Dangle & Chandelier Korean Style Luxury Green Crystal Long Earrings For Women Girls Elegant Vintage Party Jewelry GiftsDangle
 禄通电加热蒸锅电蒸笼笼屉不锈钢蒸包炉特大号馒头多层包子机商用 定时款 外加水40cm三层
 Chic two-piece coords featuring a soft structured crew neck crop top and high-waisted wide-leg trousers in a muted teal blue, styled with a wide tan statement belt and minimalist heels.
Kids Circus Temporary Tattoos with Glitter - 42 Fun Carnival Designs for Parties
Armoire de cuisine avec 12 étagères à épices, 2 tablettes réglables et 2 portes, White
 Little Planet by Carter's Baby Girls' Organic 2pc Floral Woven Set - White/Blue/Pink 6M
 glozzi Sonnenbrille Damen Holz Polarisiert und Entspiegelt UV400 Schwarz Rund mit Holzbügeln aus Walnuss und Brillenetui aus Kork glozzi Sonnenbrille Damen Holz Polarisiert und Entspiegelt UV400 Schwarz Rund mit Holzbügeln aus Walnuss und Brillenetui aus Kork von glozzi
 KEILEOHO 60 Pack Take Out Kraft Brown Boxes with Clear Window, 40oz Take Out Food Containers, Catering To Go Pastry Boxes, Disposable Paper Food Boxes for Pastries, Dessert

■ Your goal ■
Would you restate each of the entries word for word?

■ Written reply ■
Dangle & Chandelier Korean Style Luxury Green Crystal Long Earrings For Women Girls Elegant Vintage Party Jewelry GiftsDangle
 禄通电加热蒸锅电蒸笼笼屉不锈钢蒸包炉特大号馒头多层包子机商用 定时款 外加水40cm三层
 Chic two-piece coords featuring a soft structured crew neck crop top and high-waisted wide-leg trousers in a muted teal blue, styled with a wide tan statement belt and minimalist heels.
Kids Circus Temporary Tattoos with Glitter - 42 Fun Carnival Designs for Parties
Armoire de cuisine avec 12 étagères à épices, 2 tablettes réglables et 2 portes, White
 Little Planet by Carter's Baby Girls' Organic 2pc Floral Woven Set - White/Blue/Pink 6M
 glozzi Sonnenbrille Damen Holz Polarisiert und Entspiegelt UV400 Schwarz Rund mit Holzbügeln aus Walnuss und Brillenetui aus Kork glozzi Sonnenbrille Damen Holz Polarisiert und Entspiegelt UV400 Schwarz Rund mit Holzbügeln aus Walnuss und Brillenetui aus Kork von glozzi
 KEILEOHO 60 Pack Take Out Kraft Brown Boxes with Clear Window, 40oz Take Out Food Containers, Catering To Go Pastry Boxes, Disposable Paper Food Boxes for Pastries, Dessert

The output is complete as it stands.